Caso foi analisado pelos ministros nesta terça-feira, e a maioria votou a favor do senador

Pleno.News - 23/02/2021 16h07 | atualizado em 23/02/2021 16h47

Senador Flávio Bolsonaro Foto: Agência Senado/Marcos Oliveira

A maioria da Quinta Turma do Superior Tribunal de Justiça (STJ) votou, na tarde desta terça-feira (23), para acolher um dos pedidos da defesa do senador Flávio Bolsonaro (Republicanos-RJ) e anular a quebra do sigilo bancário do parlamentar no âmbito das rachadinhas.

O filho mais velho do presidente Jair Bolsonaro foi denunciado por peculato, lavagem de dinheiro e organização criminosa após a conclusão da primeira etapa da investigação que apura indícios de desvios de salários de funcionários de seu antigo gabinete na Assembleia Legislativa do Rio (Alerj).

Nesta terça-feira, o relator do caso, ministro Felix Fischer, votou contra o recurso de Flávio que contestava a quebra de sigilo na investigação.

– As decisões de quebra de sigilo foram consideradas válidas em todos os sentidos – frisou Fischer, considerado pelos colegas um ministro rigoroso e técnico.

A turma iniciou o julgamento pela análise do recurso que questiona a quebra de sigilo de Flávio e de outras 94 pessoas e empresas, em abril de 2019. Nesse ponto, o ministro João Otávio de Noronha concordou com as alegações da defesa do parlamentar de que a decisão foi mal fundamentada.

– Ele [o juiz Flávio Itabaiana] afasta o sigilo de 95 pessoas. Cada investigado tem uma situação, numa decisão de duas linhas. Em verdade, o magistrado não se deu ao trabalho de adotar, de forma expressa, as razões do pedido do Parquet (Ministério Público), apenas analisou os argumentos, concluindo que a medida era importante. Apenas isso. A decisão é manifestamente nula – criticou Noronha.

Para o ministro Reynaldo Soares da Fonseca, a decisão de quebra do sigilo foi mal fundamentada.
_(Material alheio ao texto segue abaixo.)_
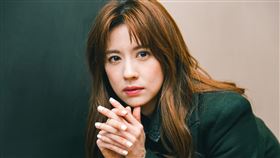 林予晞三立新聞網專訪。（圖／記者楊澍攝影）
– Não posso concordar com a legitimidade do magistrado de primeiro grau com a quebra de sigilo bancário e fiscal. A decisão se limita a cinco linhas. Isso não pode ser considerado uma decisão fundamentada, ainda que sucinta. Não há qualquer referência aos critérios necessários para a quebra de um sigilo bancário e fiscal – criticou Fonseca.

Na avaliação do ministro Ribeiro Dantas, a quebra do sigilo foi “absolutamente genérica”.

– Entendo que a decisão não está devidamente fundamentada para esse tema da quebra do sigilo – afirmou.

A defesa também questiona o relatório do Conselho de Controle de Atividades Financeiras (Coaf) que acusou movimentações suspeitas do ex-assessor Fabrício Queiroz, apontado como operador do suposto esquema, e colocou o senador no centro das investigações. Segundo os advogados, houve quebra dos sigilos bancário e fiscal sem autorização judicial.

– O Coaf não é o órgão de investigação e muito menos de produção de prova. Tem de fazer o relatório de investigação e mandar, e não pode ser utilizado como auxiliar do Ministério Público em termos de investigação – disse Noronha, antecipando-se a Fischer e já votando nesse segundo recurso.

Os advogados ainda pedem a anulação de todas as decisões do juiz Flávio Itabaiana Nicolau, da 27ª Vara Criminal do Rio, que conduziu as investigações por quase dois anos, enquanto o inquérito correu em primeira instância. Em junho, o Tribunal de Justiça fluminense decidiu que o senador tem direito a foro especial e transferiu o caso para o segundo grau.

Caso concorde com os argumentos da defesa e anule decisões e elementos centrais para o início das apurações, o STJ pode abrir caminho para que os advogados do senador possam questionar uma série de desdobramentos – inclusive a própria denúncia.